* Dataset extract

• • •

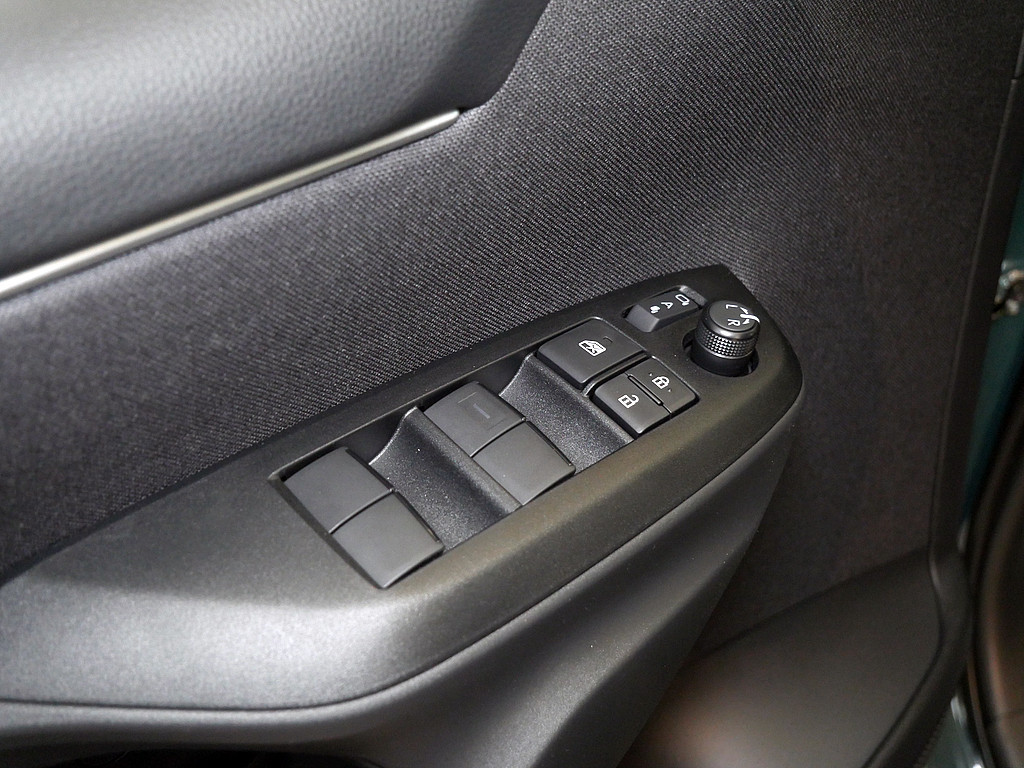 Fahrzeugansicht TOYOTA Yaris Hybrid 1.5 VVT-i Style Plus - Bild 9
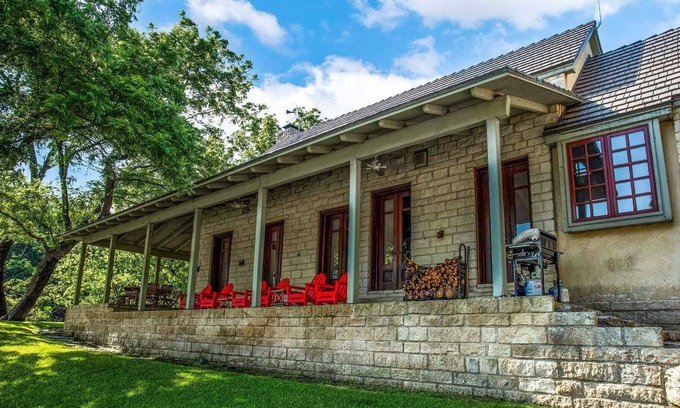 Kerrville House | The Fall Creek Retreat
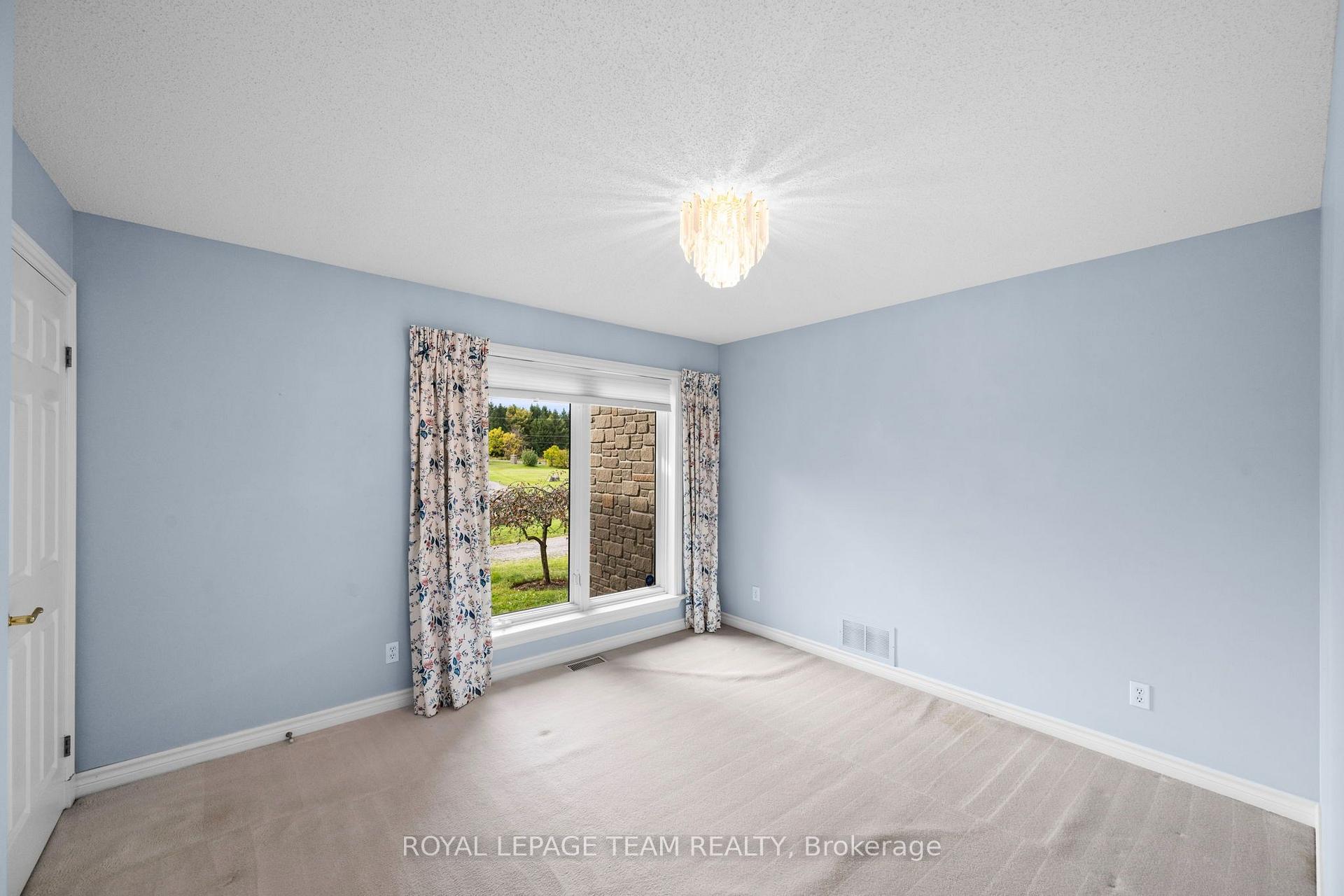 Photo 34 of 285 Pinhey Point Road, Ottawa, Kanata - Kanata (North East) — HOMEH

• • •

Starting at the line that holds "Kerrville House | The Fall Creek Retreat", repeat every line through the end of the listing exactly as written, skipping any picture.

 Kerrville House | The Fall Creek Retreat
 Photo 34 of 285 Pinhey Point Road, Ottawa, Kanata - Kanata (North East) — HOMEH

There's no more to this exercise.